American Elephants


And Now The Hard Two-Month Slog to the Election. by The Elephant's Child
September 1, 2012, 6:49 am
Filed under: Capitalism, Economy, Election 2012, Freedom, Media Bias, Taxes | Tags: , ,

O.K. I’m done. I hope the videos are helpful to those who didn’t watch the convention, and I know many didn’t.  You can tell how successful it was — by the response from the Democrats— who have gone ballistic. DNC Chairman Debbie Wasserman Schultz did not watch. She is out excoriating the Republicans for having a party for the rich, while people are drowning in Louisiana.

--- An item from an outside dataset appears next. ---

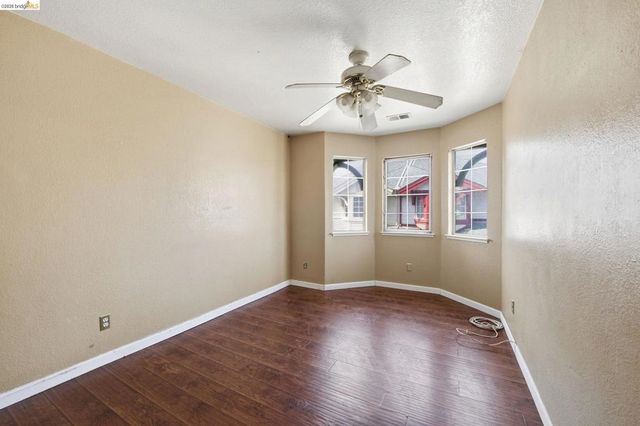 1496 Adeline St, Oakland, CA 94607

If she had watched, she would have seen a plea for donations for the Red Cross before every segment. If you didn’t watch the convention, Why? Sick of politics? I’m just interested. I’ve seen so many comments, all over the map.

Mitt Romney was off, Friday, to Louisiana to see the flood victims and how the effort against the results of Hurricane Isaac was going. The president noticed, and he will stop campaigning and get to Louisiana on Monday. The above image is from Sidell. Louisiana. Louisiana seems to be far better prepared than they were when Katrina struck.

Hard to realize that what is a disaster for Louisiana is a blessing for the drought-stricken areas of the Midwest. If only Isaac could just pass over the coast quietly and dump the moisture where it’s needed. I don’t know if the rains are coming too late in the year to do much good. The farmers will let us know. and the prices at the grocery store will, as well.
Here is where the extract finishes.